World Cricket Championship (WCC) is a series of 3D cricket mobile games developed by Nextwave Multimedia. As of 2026, the series consists of four released main installments, World Cricket Championship (2011), World Cricket Championship 2 (2015), World Cricket Championship Rivals (2019), World Cricket Championship 3 (2020) and the upcoming World Cricket Championship 4. It is one of the most downloaded cricket game franchises in the world. The lead game designers on the series are Suraj Raja and Stanley J Maliackal.

== WCC ==
The first game in the World Cricket Championship franchise, WCC, was Officially released in 2011.

== WCC 2 ==
WCC 2 was officially released in 2015 on Android & iOS and is a sequel to WCC.

later, the game was also made available on the Microsoft Store for Windows Phone and Windows PC devices.

=== Gameplay and Features ===
WCC 2 introduced expanded customization and multiplayer features compared to its predecessor. The game includes two commentary language options: Hindi and English.

The title allows player customization, including editing player names, jersey numbers, and facial appearance. Users can also modify team squads prior to matches.

The game features 18 international teams and 42 stadiums. It includes all three primary formats of cricket: Test, One Day International (ODI), and Twenty20 (T20).
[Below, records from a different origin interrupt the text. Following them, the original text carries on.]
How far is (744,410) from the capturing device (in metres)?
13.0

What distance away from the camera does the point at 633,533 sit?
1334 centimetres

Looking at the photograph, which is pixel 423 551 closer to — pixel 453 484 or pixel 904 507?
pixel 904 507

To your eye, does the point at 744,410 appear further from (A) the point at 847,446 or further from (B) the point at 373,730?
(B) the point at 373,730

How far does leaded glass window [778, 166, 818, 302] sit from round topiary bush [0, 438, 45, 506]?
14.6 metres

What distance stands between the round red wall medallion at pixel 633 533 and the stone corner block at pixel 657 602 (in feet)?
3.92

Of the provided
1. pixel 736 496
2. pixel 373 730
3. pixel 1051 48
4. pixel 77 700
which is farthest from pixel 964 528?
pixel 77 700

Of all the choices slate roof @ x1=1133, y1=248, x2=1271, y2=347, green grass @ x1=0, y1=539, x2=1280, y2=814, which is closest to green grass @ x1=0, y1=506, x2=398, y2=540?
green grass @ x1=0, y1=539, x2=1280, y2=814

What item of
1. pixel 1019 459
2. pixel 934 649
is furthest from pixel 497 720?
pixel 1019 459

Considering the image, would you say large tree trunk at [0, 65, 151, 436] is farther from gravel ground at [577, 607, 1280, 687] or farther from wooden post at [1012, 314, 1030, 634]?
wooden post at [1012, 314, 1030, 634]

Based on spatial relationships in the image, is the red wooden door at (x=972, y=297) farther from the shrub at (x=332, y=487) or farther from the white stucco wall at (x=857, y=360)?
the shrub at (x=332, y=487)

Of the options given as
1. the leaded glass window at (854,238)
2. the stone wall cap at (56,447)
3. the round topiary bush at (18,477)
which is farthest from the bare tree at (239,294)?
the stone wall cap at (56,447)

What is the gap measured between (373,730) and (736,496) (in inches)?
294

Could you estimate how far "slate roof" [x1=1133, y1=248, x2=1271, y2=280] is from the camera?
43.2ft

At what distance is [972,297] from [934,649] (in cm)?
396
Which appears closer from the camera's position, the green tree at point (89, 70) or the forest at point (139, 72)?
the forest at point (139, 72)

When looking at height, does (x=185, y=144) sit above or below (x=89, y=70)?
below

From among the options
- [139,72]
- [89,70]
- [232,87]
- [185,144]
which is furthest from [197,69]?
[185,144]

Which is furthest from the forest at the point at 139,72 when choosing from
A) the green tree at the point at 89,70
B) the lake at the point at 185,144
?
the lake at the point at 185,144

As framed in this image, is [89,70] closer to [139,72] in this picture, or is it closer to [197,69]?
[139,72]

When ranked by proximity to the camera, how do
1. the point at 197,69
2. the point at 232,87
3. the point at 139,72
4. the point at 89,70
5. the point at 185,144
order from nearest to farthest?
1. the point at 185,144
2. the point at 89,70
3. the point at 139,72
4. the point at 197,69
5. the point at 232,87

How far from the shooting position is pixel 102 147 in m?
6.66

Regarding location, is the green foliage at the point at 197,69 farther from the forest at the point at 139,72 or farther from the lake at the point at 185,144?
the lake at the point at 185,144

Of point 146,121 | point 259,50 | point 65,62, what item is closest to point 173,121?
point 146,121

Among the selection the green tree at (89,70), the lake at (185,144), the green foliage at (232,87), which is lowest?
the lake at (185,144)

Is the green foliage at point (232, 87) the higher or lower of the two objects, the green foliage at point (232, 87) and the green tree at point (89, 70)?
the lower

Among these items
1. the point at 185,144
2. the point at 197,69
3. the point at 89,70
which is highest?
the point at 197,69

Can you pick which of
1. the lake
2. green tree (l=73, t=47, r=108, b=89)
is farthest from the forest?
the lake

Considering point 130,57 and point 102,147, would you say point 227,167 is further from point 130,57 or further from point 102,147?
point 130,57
WCC 2 contains 11 tournament types, including:
- National Premier League (modeled on the Indian Premier League structure)
- ODI bilateral series
- Asian Cup
The game also introduced live event features such as “Hot Events,” which are based on ongoing international bilateral series.

== WCC Rivals ==
WCC Rivals was launched in 2019 as the third game in the WCC franchise after WCC and WCC 2. It was the first fully featured real-time multiplayer cricket game on mobile. On 6 February 2020, WCC Rivals introduced 2v2 multiplayer, which eventually became the first ever mobile game to feature 2v2 real-time cricket multiplayer.

== WCC 3 ==
WCC 3 is the fourth installment of the World Cricket Championship franchise. The game was announced in November 2019, followed by a beta release in May 2020, and was officially released in September 2020.

=== Commentary ===
The game features multilingual commentary from former international cricketers in seven languages:
- English: Matthew Hayden and Isa Guha
- Hindi: Aakash Chopra and Anjum Chopra
- Telugu: Venkatapathy Raju
- Bengali: Deep Dasgupta
- Kannada: Vijay Bharadwaj
- Tamil: Abhinav Mukund
- Urdu: Tariq Saeed

=== Player Health System ===
WCC 3 also introduced a player health system, under which a player’s health decreases by approximately five percent after each match. The system requires squad rotation and workload management to maintain performance levels over extended tournaments.

=== Career Mode ===
WCC 3 features an expanded Career mode, which allows players to create and manage a cricketer across multiple seasons. The mode enables progression from domestic competitions to international tournaments across different formats of the sport. It includes player development systems, statistical tracking, and structured scheduling of tournaments. This feature was also added later to WCC 2.

== WCC 4 ==
WCC 4 is the fifth installment of the World Cricket Championship franchise. The game was officially announced on 23 May 2025. A first glimpse teaser of the game was revealed on 10 December 2025. Pre-registration for the Android version began on 24 January 2026 via the Google Play Store. The official logo was unveiled on 26 January 2026. The Early Access version was launched from 19 May 2026, with a global release planned for 2027.

== Reception and Impact ==

The World Cricket Championship series has achieved significant commercial success in the mobile gaming market, particularly in cricket-playing nations. It is frequently cited among popular mobile cricket gaming franchises due to its realistic gameplay mechanics, multilingual commentary, and regular updates.